Comments are lines in your code that Python ignores. They exist for humans, not for computers. In Python, comments start with the # character:

comments.py

# This is a comment. Python skips this line entirely.
x = 42  # Comments can also appear after code on the same line.

The purpose of comments is to explain why your code does something, not what it does. The code itself tells you what happens. The comment should tell you the reasoning behind it.

Here’s a bad comment:

bad_comment.py

x = x + 1  # increment x by 1

This comment restates the code. Anyone who can read Python already knows that x + 1 increments x. The comment adds nothing.

Here’s a good comment:

good_comment.py

# Convert PSI to kPa using the ISO 80000-4 conversion factor
pressure_kpa = pressure_psi * 6.894757

This comment explains the why: where the magic number 6.894757 comes from and what standard it references. Six months from now, you (or a colleague) will understand this line immediately instead of wondering whether the constant is correct.

12.3.1 Block Comments and Inline Comments

Block comments appear on their own line, above the code they describe. Inline comments appear on the same line as code, separated by at least two spaces:

comment_styles.py

# Calculate the weighted average cycle time across all stations.
# Stations with zero throughput are excluded to avoid division errors.
avg_cycle_time = total_weighted_time / active_stations  # in seconds

Block comments are better for explaining why a section of code exists. Inline comments are better for brief clarifications, like units or edge cases.

12.3.2 TODO and FIXME

Two conventional comment markers help you track work in progress:

markers.py

# TODO: Add support for multiple product categories
# FIXME: This breaks when the order quantity is zero

TODO marks something you plan to implement later. FIXME marks a known bug or problem. Most code editors, including Zed, highlight these markers so they’re easy to find. They’re a lightweight alternative to formal issue tracking for small projects.

12.3.3 When Code Is Self-Documenting

Well-chosen variable names often eliminate the need for comments entirely. Compare:

unclear.py

# Calculate the total cost including tax
t = p * q * (1 + r)

clear.py

total_cost = unit_price * quantity * (1 + tax_rate)

The second version needs no comment. The variable names tell the full story. When you find yourself writing a comment that restates the code, consider whether better naming would make the comment unnecessary.

12.4 The REPL

The REPL (Read-Eval-Print Loop) is Python’s interactive prompt. It reads an expression you type, evaluates it, prints the result, and loops back for more input. Start it from your project directory:

terminal

uv run python

You’ll see something like:

output

Python 3.13.2 (main, Feb  4 2025, 14:51:09) [Clang 19.1.6] on darwin
Type "help", "copyright", "credits" or "license" for more information.
>>>

The >>> prompt is where you type Python expressions. Try it:

Python REPL

>>> 2 + 3
5
>>> "hello" + " " + "world"
'hello world'
>>> 7 / 2
3.5
>>> 7 // 2
3

The REPL is a scratchpad. Use it when you want to test an expression, check how a function behaves, or explore an unfamiliar library. It’s faster than writing a script, running it, reading the output, and editing the script again.

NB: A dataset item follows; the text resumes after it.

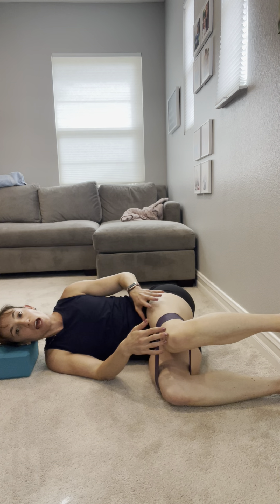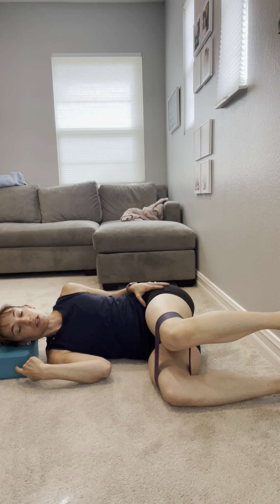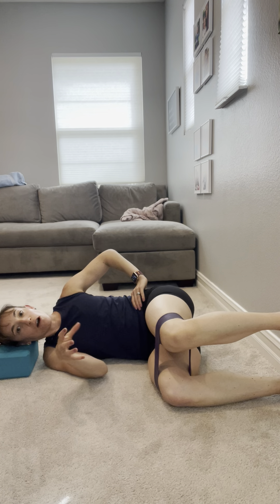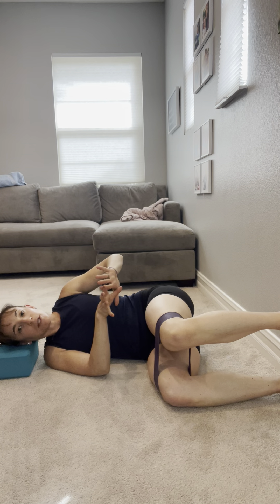Setting up in a 90-90 position, knees and hips bent at 90, elevating the head on a yoga block or something just for some support. My feet are super glued to the wall. Setting up at the wall helps for that sensation of feeling grounded and gives you something to press against for some feedback.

That said, the REPL isn’t a substitute for scripts. Anything you type in the REPL vanishes when you close it. If your work needs to be saved, versioned with Git, or run again later, write a script. The REPL is for exploration; scripts are for production.

Exiting the REPL

Type exit() or press Ctrl+D to leave the REPL and return to your terminal.

12.5 Variables and Types

A variable is a name attached to a value. In Python, you create a variable by assigning to it with =:

variables.py

product_name = "Widget A"
unit_price = 14.99
quantity = 250
in_stock = True

Python is dynamically typed, which means you don’t declare a variable’s type before using it. Python figures out the type from the value you assign. This is different from languages like C or Java, where you must declare types explicitly, and subtly different from Matlab, where everything is a matrix by default.

12.5.1 Core Types

Python has a small set of built-in types that cover most everyday needs:

Table 12.1: Python’s core scalar types

Type	Description	Examples
`int`	Whole numbers	`42`, `-7`, `0`, `1_000_000`
`float`	Decimal numbers	`3.14`, `-0.001`, `1e6`
`str`	Text (strings)	`"hello"`, `'world'`, `""`
`bool`	Boolean	`True`, `False`
`None`	The absence of a value	`None`

You can check the type of any value using the type() function:

type_checking.py

type(42)          # <class 'int'>
type(3.14)        # <class 'float'>
type("hello")     # <class 'str'>
type(True)        # <class 'bool'>
type(None)        # <class 'NoneType'>

Underscores in numbers

Python lets you use underscores as visual separators in large numbers: 1_000_000 is the same as 1000000. This is purely for readability and has no effect on the value.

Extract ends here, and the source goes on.